Stephen L Day. Psychiatr Serv. 2006 Dec.

Abstract

Efforts to ensure that people with disabilities participate fully in their communities have raised awareness of current Medicaid policies that impede provision of best-practice mental health services. The author summarizes issues that were examined by the Medicaid Subcommittee of the President's New Freedom Commission and its recommendations in four areas: access, service delivery, service coordination, and quality. Because of Medicaid's substantial role as a payer for mental health services, more creative and flexible program policies can promote system transformation. Current eligibility rules and time-consuming procedures can inhibit timely access to Medicaid coverage for people with mental illness. Medicaid benefit plans may create financial incentives for maintaining more traditional but less effective models of care.
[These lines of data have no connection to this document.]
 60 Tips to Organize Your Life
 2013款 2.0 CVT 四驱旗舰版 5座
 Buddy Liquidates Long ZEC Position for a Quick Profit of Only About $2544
Some policies impede states' ability to coordinate Medicaid funding with other sources of funding to create systems of community-based care. Medicaid does not provide specific requirements to ensure that individuals with depression are identified and offered informed choices about treatment through primary or specialty care providers. Action steps to address these and other issues include use of presumptive eligibility and parity, retention of coverage as enrollees enter the workplace, guidance to states on evidence-based practices and service coordination with other agencies, more flexible financing mechanisms, improved data collection and reporting, and enhanced integration of primary and mental health care.